You are viewing a plain text version of this content. The canonical link for it is here.
Posted to dev@nutch.apache.org by "Doug Cook (JIRA)" <ji...@apache.org> on 2006/12/20 23:40:22 UTC

[jira] Commented: (NUTCH-416) CrawlDatum status and CrawlDbReducer refactoring

    [ http://issues.apache.org/jira/browse/NUTCH-416?page=comments#action_12460080 ] 
            
Doug Cook commented on NUTCH-416:
---------------------------------

You may also want to make the status codes ORed values, so that, for example, all of the various kinds of failure all have a FAILURE code ORed in, making it clean & easy in the code to check for "any failure case" while still allowing different failure codes.

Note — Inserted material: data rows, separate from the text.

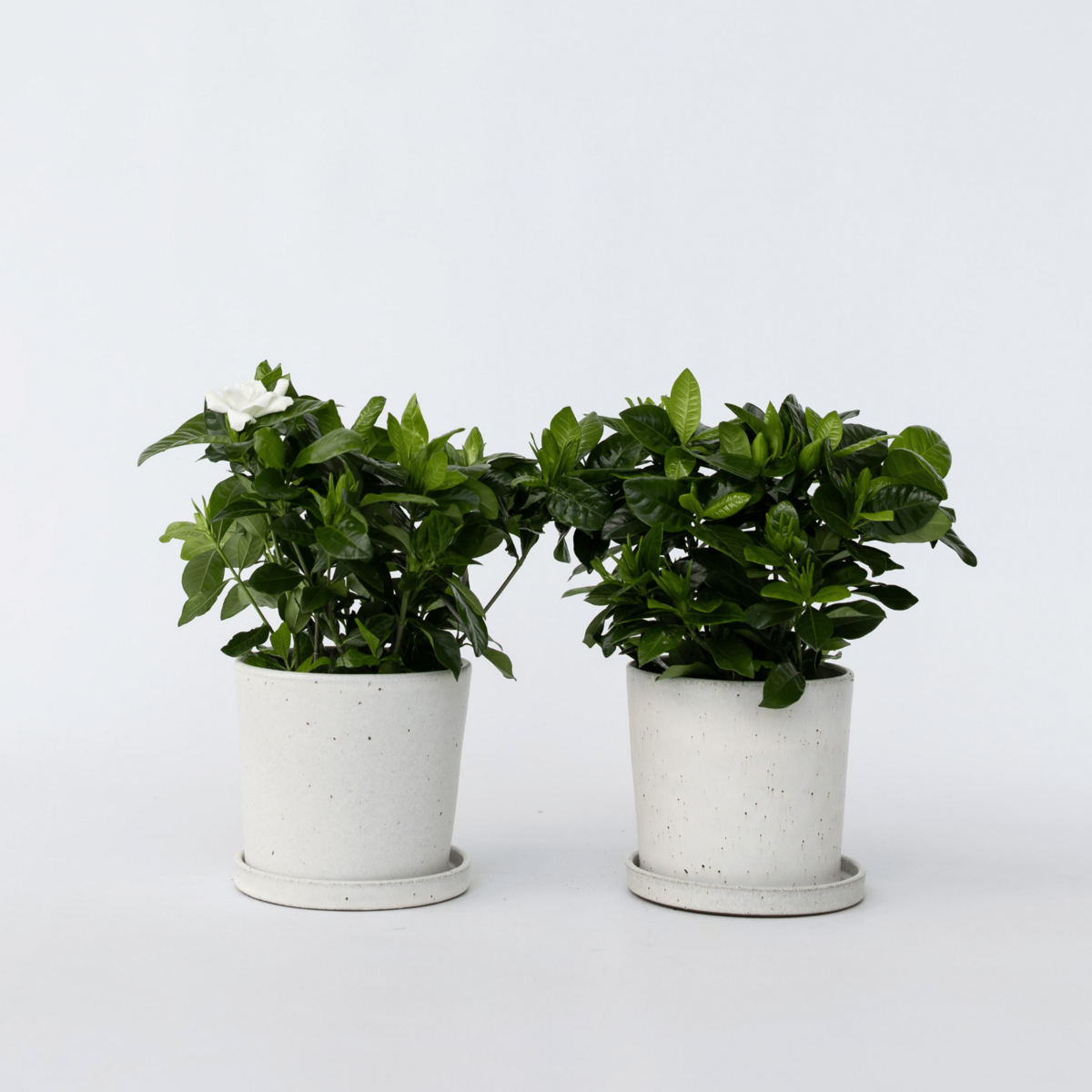 PLANT IN A BOX Jasmin du Cap - Set de 2 - Gardenia jasminoides - Hauteur 20-30cm - ⌀13cm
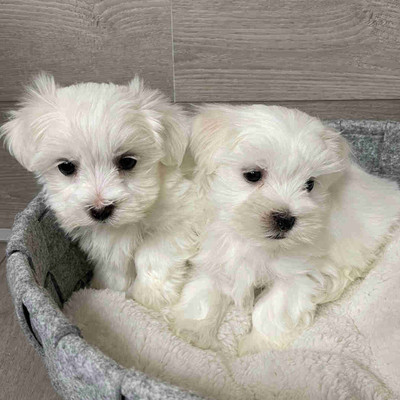 Adorable Maltese puppies 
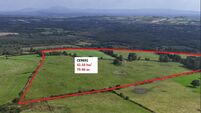 175a Clare farm achieves €1.5m at auction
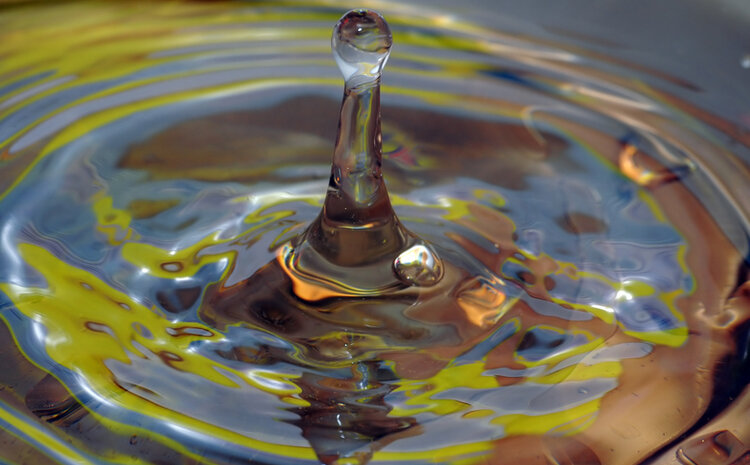 WATER: Session & Lessons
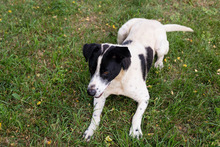 EMIL, Hund, Mischlingshund in Kroatien - Bild 2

So at  the lowest levels, the values might be things like FAILED, FETCHED, and UNFETCHED, while REDIRECT might be (FETCHED | something), specific redirect codes would be (REDIRECT | something), specific failure codes would be (FAILED | something), etc. This way we can keep all of the specific failure codes, all the specific redirect codes, etc. while making the code cleaner and more reliable. We won't have to worry about keeping range checks or switch statements in sync if we add new codes; a statement like
   if (code & FAILED != 0) {
   }
will always tell us whether a URL fetch failed, regardless of how many codes we add. The way the code currently is, adding status codes is likely to break things if one is not careful to go through every place where status codes are examined to ensure that the new code is properly accounted for.

While you're changing the CrawlDatum, it might also make sense to store a second URL,e.g. that of the redirect target. I have a hunch this will be very useful.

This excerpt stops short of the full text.